Keep the pictures out, and restate the listing that follows exactly as written.

● ● ● ● ●

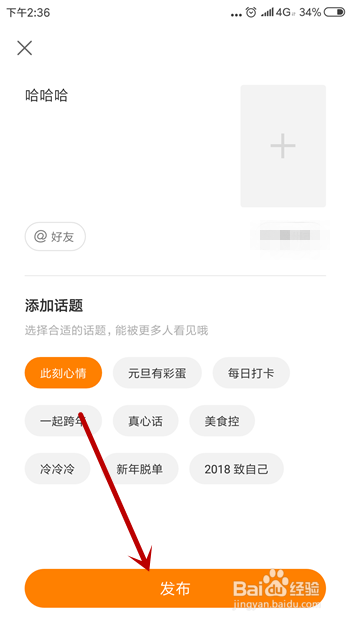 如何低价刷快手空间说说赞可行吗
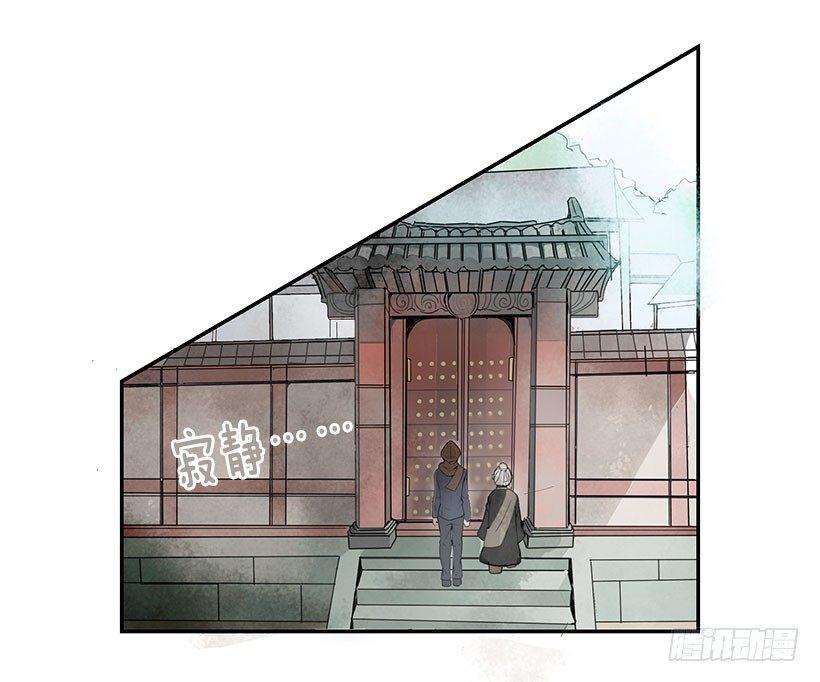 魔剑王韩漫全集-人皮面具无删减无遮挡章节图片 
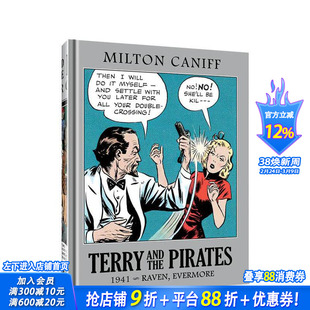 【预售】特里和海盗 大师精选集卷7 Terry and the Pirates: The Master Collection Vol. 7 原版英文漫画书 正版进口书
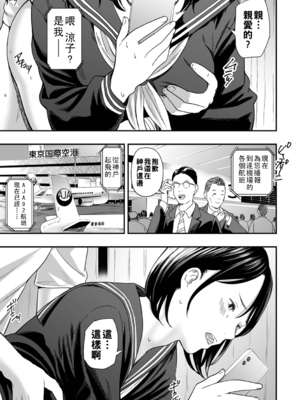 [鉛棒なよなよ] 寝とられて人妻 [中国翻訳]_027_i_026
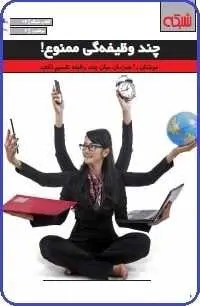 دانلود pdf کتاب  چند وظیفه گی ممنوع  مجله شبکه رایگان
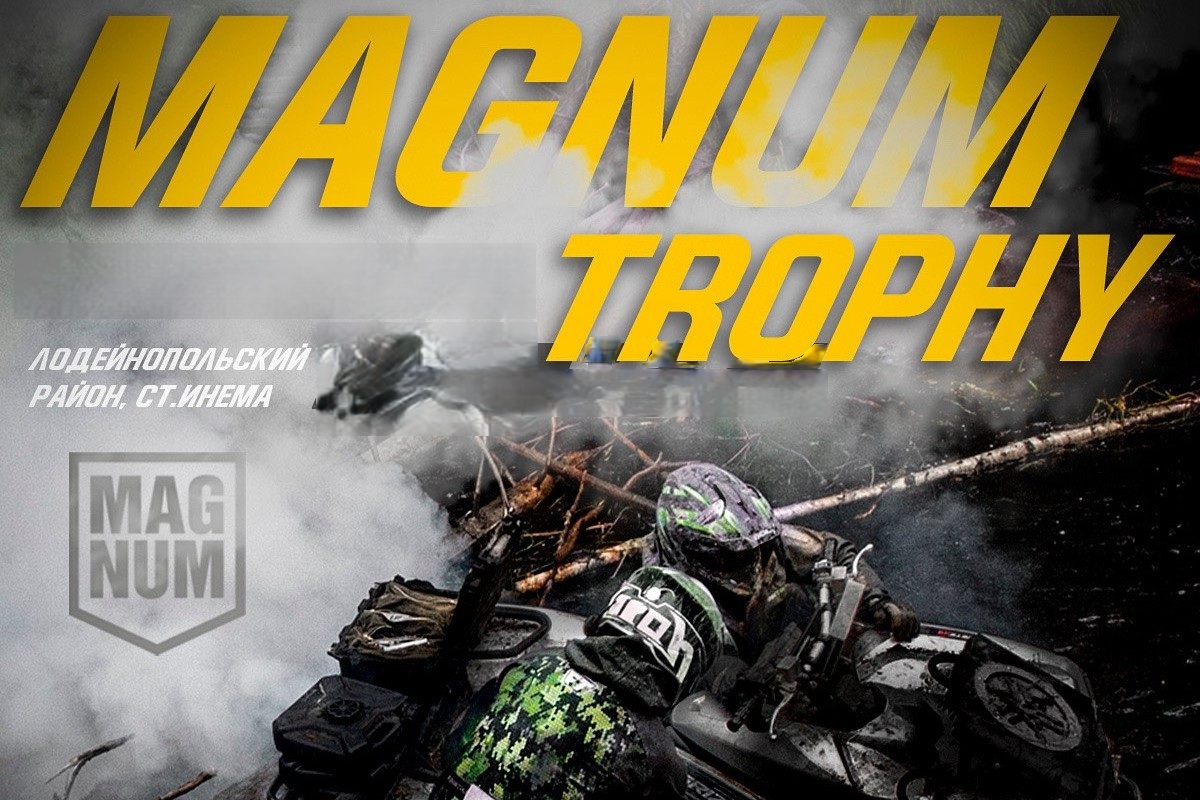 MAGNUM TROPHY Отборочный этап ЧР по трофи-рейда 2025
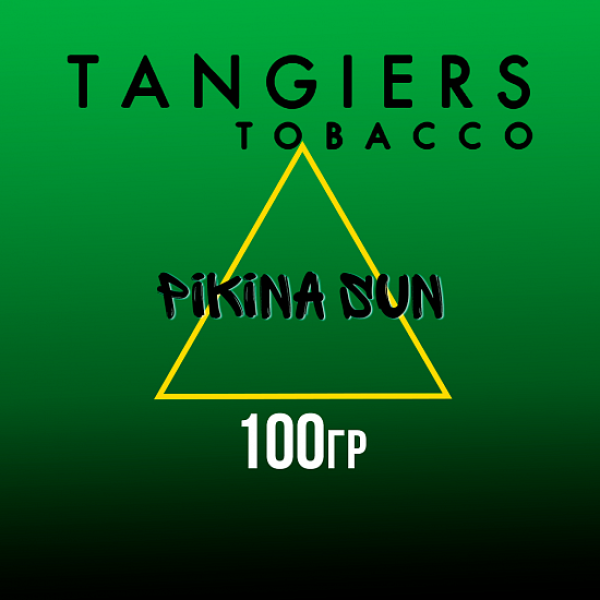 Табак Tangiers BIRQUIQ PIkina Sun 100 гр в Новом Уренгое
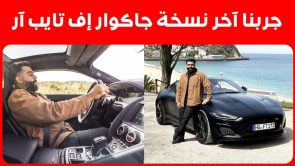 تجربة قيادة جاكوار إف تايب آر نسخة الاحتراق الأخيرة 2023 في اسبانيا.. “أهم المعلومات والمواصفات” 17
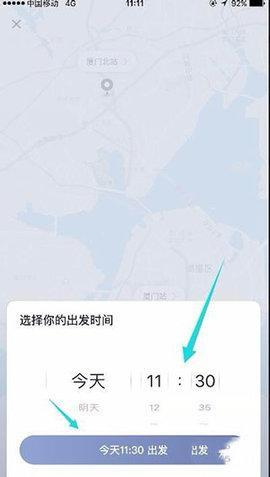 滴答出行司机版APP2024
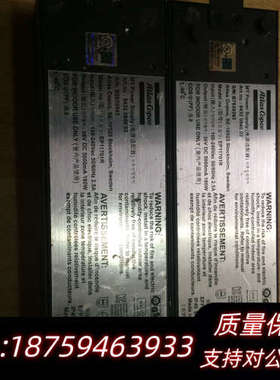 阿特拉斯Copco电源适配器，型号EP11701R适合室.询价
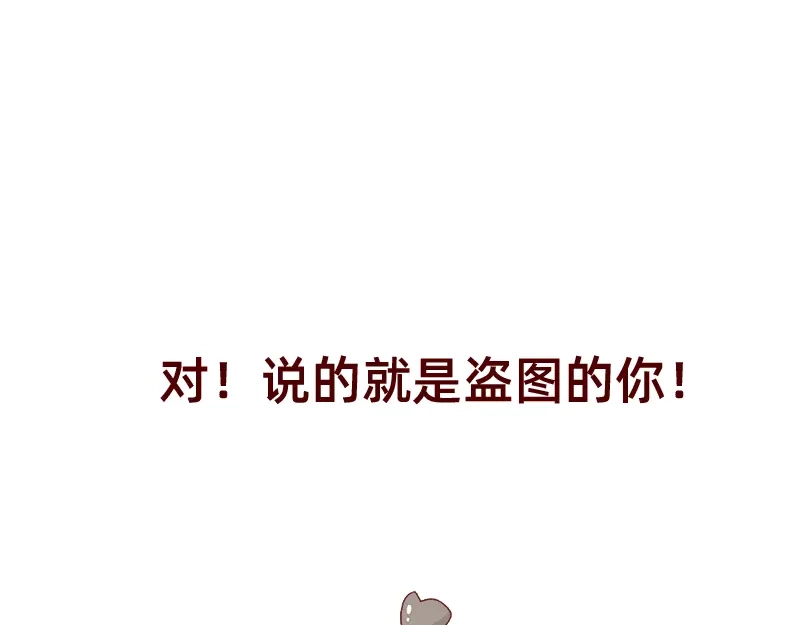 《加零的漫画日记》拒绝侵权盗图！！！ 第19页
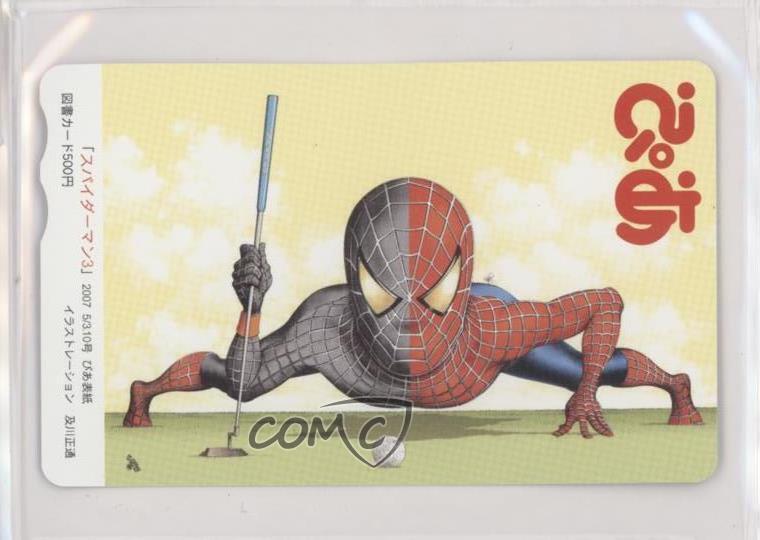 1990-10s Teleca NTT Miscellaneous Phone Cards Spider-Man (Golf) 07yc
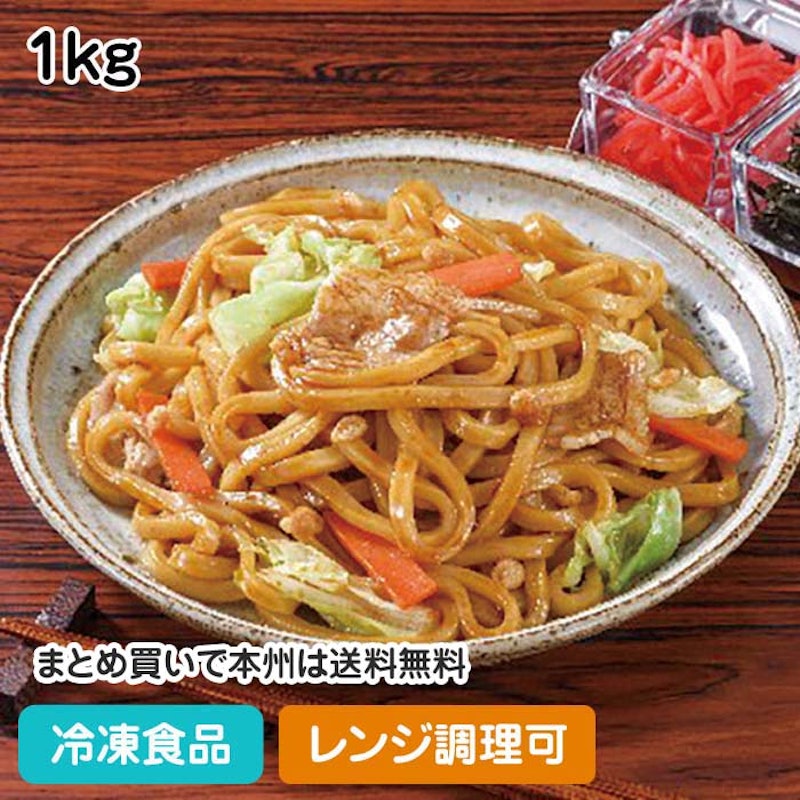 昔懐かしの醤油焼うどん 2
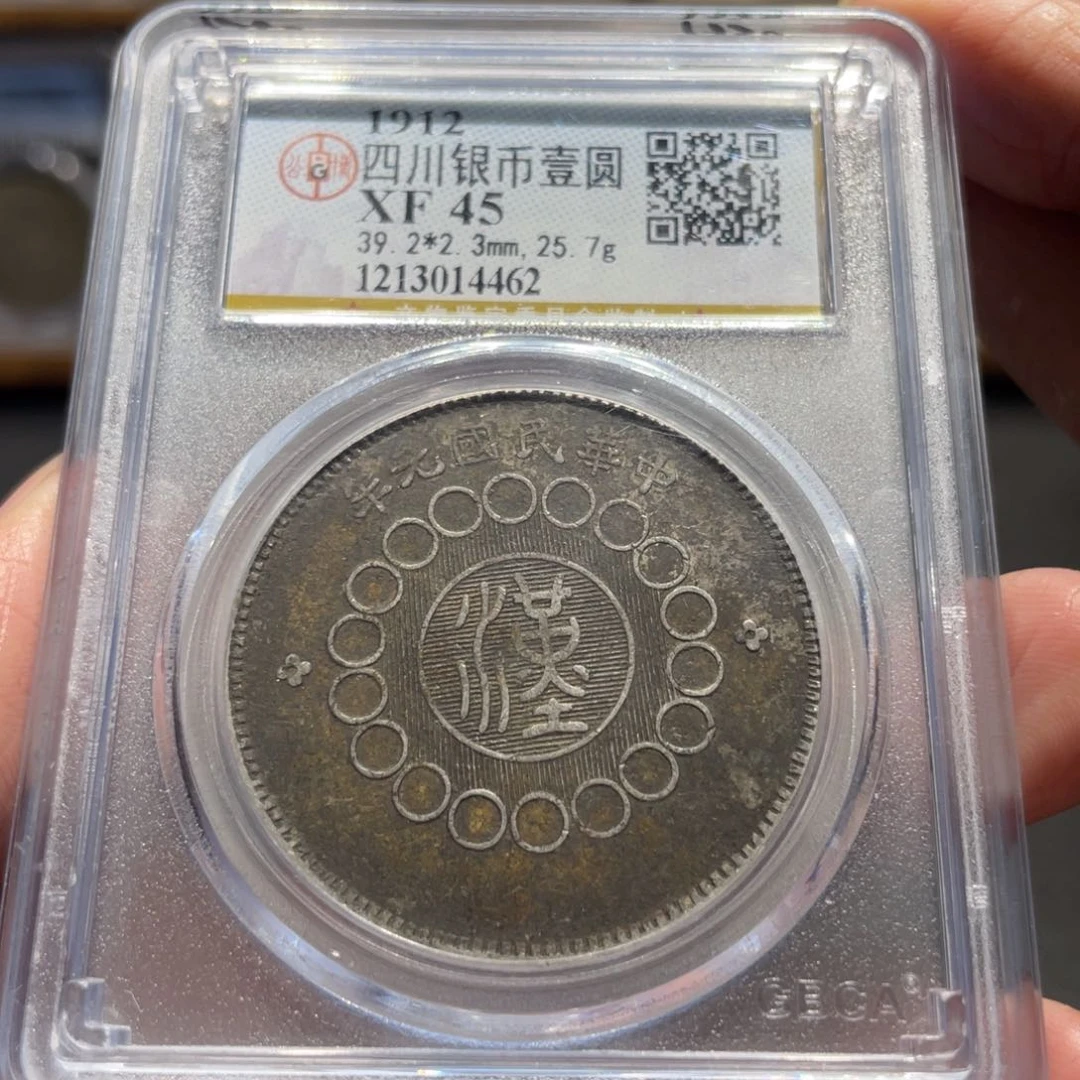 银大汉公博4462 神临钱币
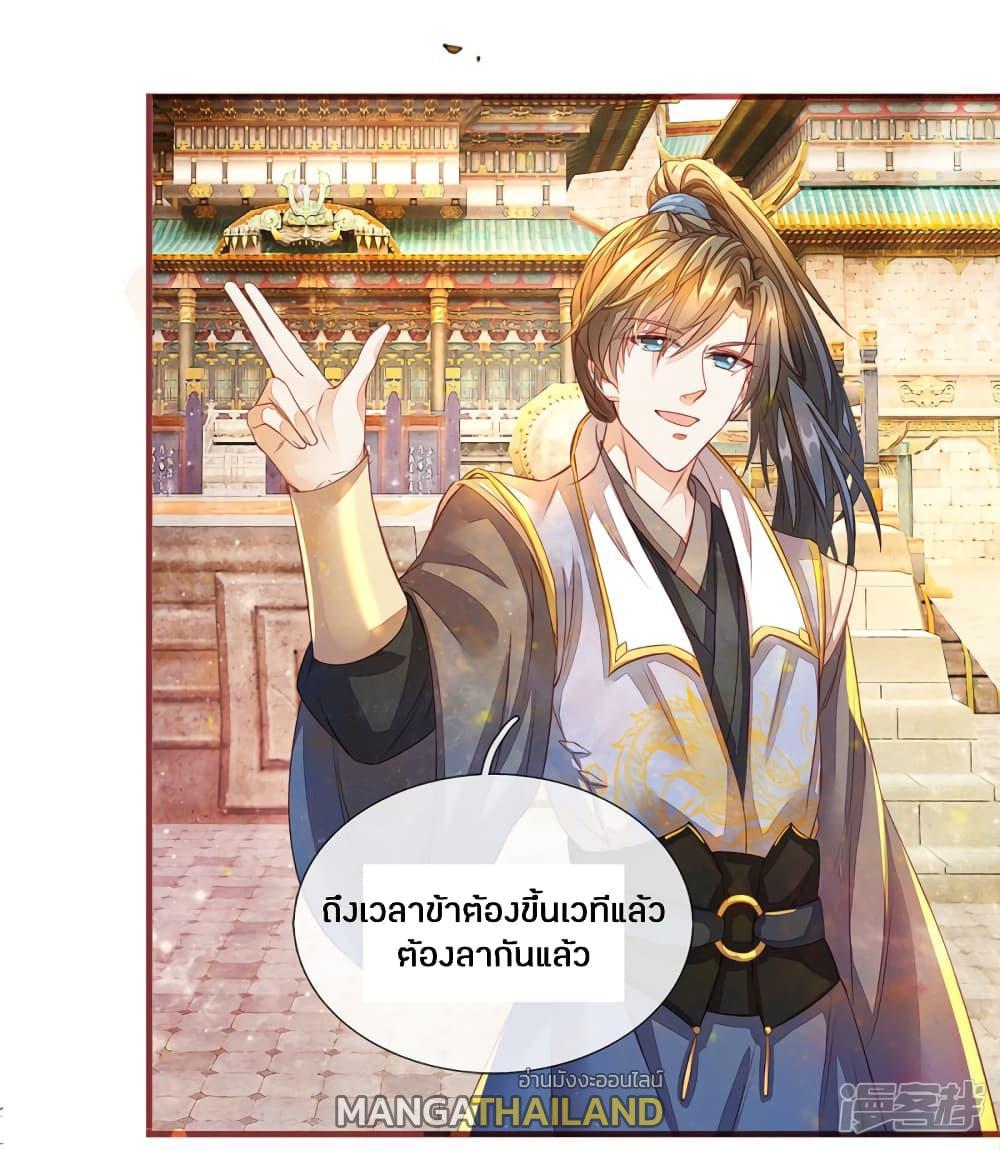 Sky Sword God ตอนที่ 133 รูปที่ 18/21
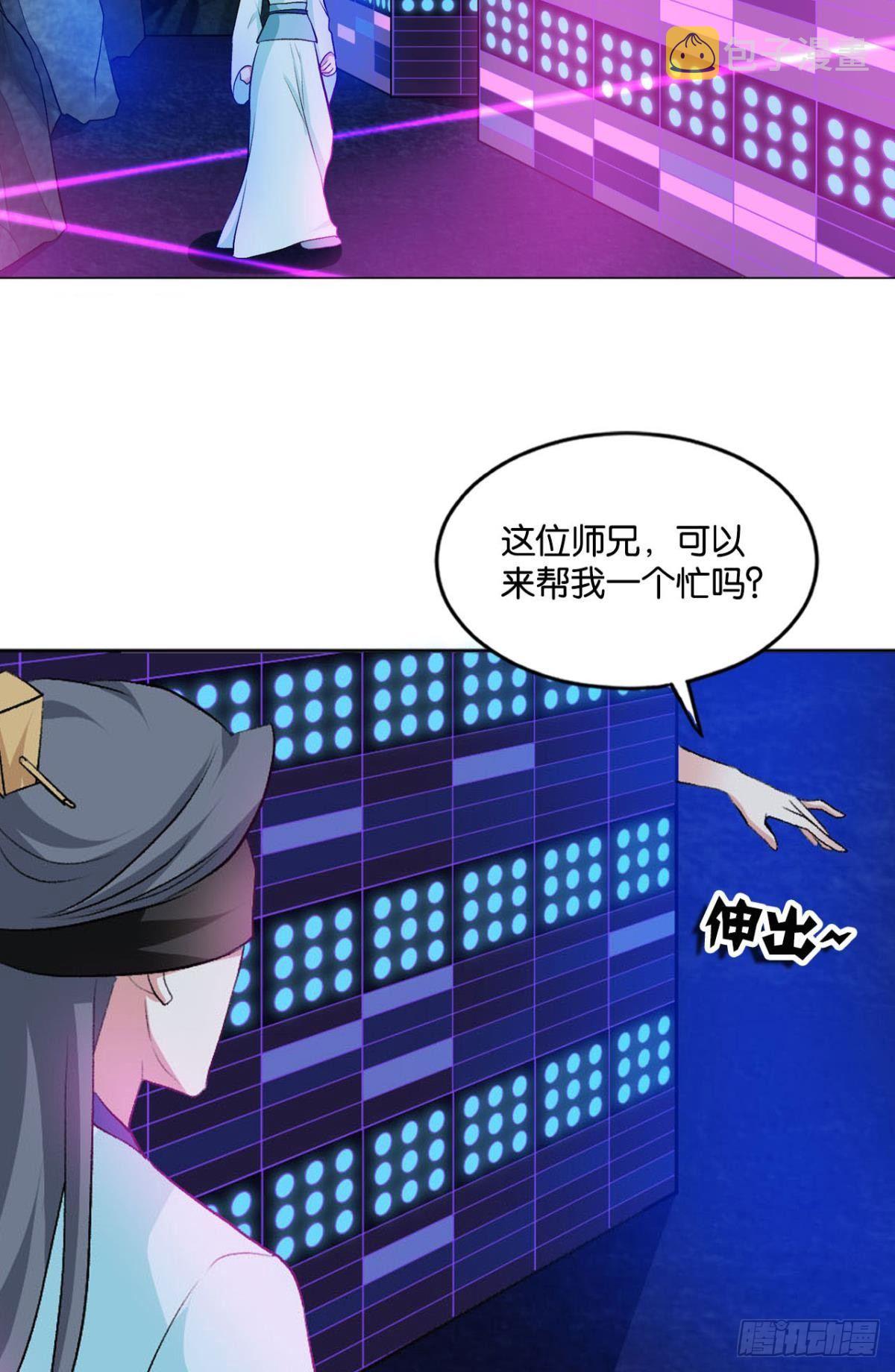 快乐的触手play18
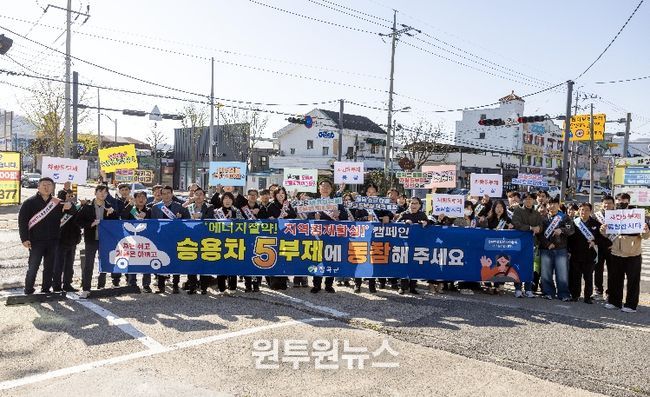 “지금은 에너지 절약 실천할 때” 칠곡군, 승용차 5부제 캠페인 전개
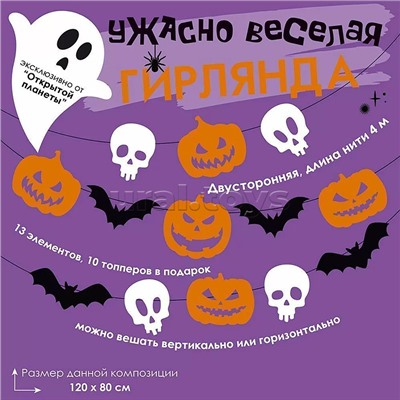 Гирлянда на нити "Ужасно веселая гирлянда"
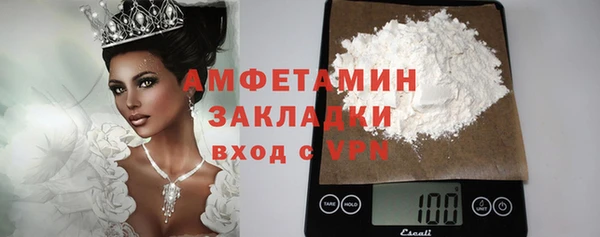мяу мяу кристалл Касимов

● ● ● ● ●

* Problem solution *
 如何低价刷快手空间说说赞可行吗
 魔剑王韩漫全集-人皮面具无删减无遮挡章节图片 
 【预售】特里和海盗 大师精选集卷7 Terry and the Pirates: The Master Collection Vol. 7 原版英文漫画书 正版进口书
 [鉛棒なよなよ] 寝とられて人妻 [中国翻訳]_027_i_026
 دانلود pdf کتاب  چند وظیفه گی ممنوع  مجله شبکه رایگان
 MAGNUM TROPHY Отборочный этап ЧР по трофи-рейда 2025
 Табак Tangiers BIRQUIQ PIkina Sun 100 гр в Новом Уренгое
 تجربة قيادة جاكوار إف تايب آر نسخة الاحتراق الأخيرة 2023 في اسبانيا.. “أهم المعلومات والمواصفات” 17
 滴答出行司机版APP2024
 阿特拉斯Copco电源适配器，型号EP11701R适合室.询价
 《加零的漫画日记》拒绝侵权盗图！！！ 第19页
 1990-10s Teleca NTT Miscellaneous Phone Cards Spider-Man (Golf) 07yc
 昔懐かしの醤油焼うどん 2
 银大汉公博4462 神临钱币
 Sky Sword God ตอนที่ 133 รูปที่ 18/21
 快乐的触手play18
 “지금은 에너지 절약 실천할 때” 칠곡군, 승용차 5부제 캠페인 전개
 Гирлянда на нити "Ужасно веселая гирлянда"
мяу мяу кристалл Касимов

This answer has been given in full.